I wasn’t feeling this one. I was hesitant going in because the subject matter isn’t something I care all that much about. The whole pirate thing I’m not naturally enthusiastic about. However, I do believe if a book is engaging enough I’m usually able to connect with it in some way no matter the subject. So I did remain open-minded and trusted that Steinbeck’s first novel would have enough for me to get something out of it. And I did, it just wasn’t much.
The novel really wasn’t all that bad for his first and his talent is certainly evident here, it just wasn’t very enjoyable for me personally.
It’s great to see how his style at this early stage in his career compares with his more known works that I’ve read.

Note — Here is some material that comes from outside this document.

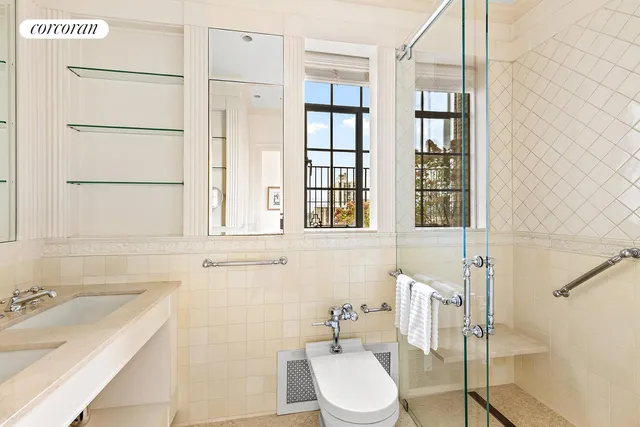 a bedroom with a large bed and a flat tv screen on dresser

His signature prose is there, making it effortless to read. I love the flow of his writing which kept me going when I was becoming bored with it. Luckily it’s a short one. There are also flashes of his grandfatherly wisdom that I always love. My first issue was that we know Henry Morgan was a destructive privateer. As the story begins in Morgan’s teenage years we know where he is going. He isn’t going to be a likable character, which is fine, but now the reader has to take interest in seeing how he goes down this path. The problem is none of it was suspenseful, or epic, or even engaging in the slightest for me. We are told that his takeover of Panama is coming, but we already know the outcome before the battle even begins. So even if you don’t know that part of history he makes sure you know fairly early, which kills any buildup that could have been achieved. The characters also fell flat for me. I don’t think Steinbeck was able to create his memorable, layered characters that I know and love with this one.

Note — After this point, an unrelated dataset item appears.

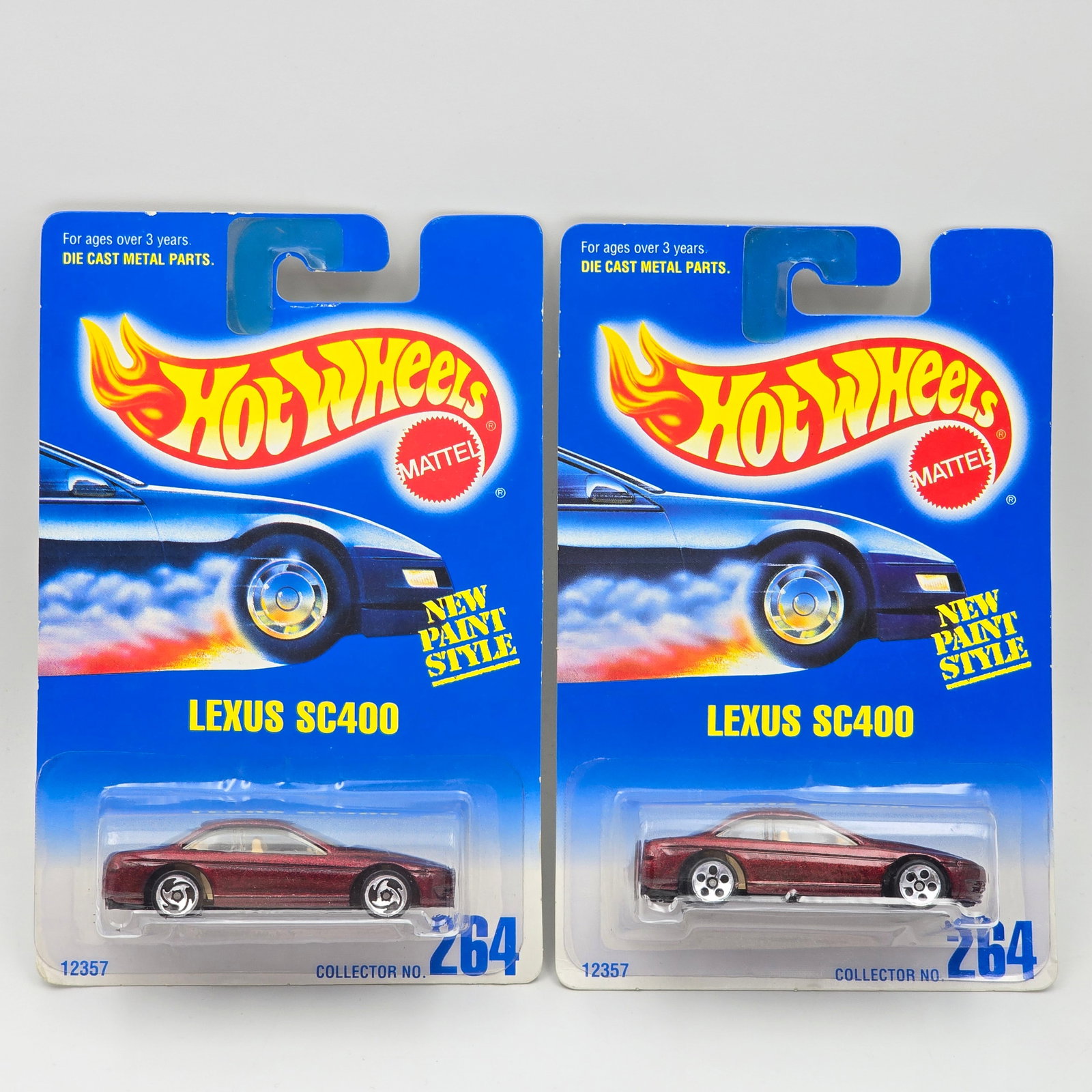 Hot Wheels Lexus SC400 Pair: Hot Wheels #264 Lexus SC400 Pair Two different wheel variations included - 3 - spoke and 5 - spoke Cars appear to be in good condition with no issues of note Cards are in good shape, may have minor ed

I don’t want to turn people off to it completely so I will say many might find this a lot more exciting than I did. It was interesting to read his only piece of historical fiction. And hey, it told me a lot more about Captain Morgan himself, namesake of the rum. If you haven’t read anything by Steinbeck before, I don’t encourage you to start with this one, but knowing where he started does make me excited to read what’s to come. I’m very confident he has a lot of great ones in his bibliography that I haven’t touched yet. The Pastures of Heaven is next!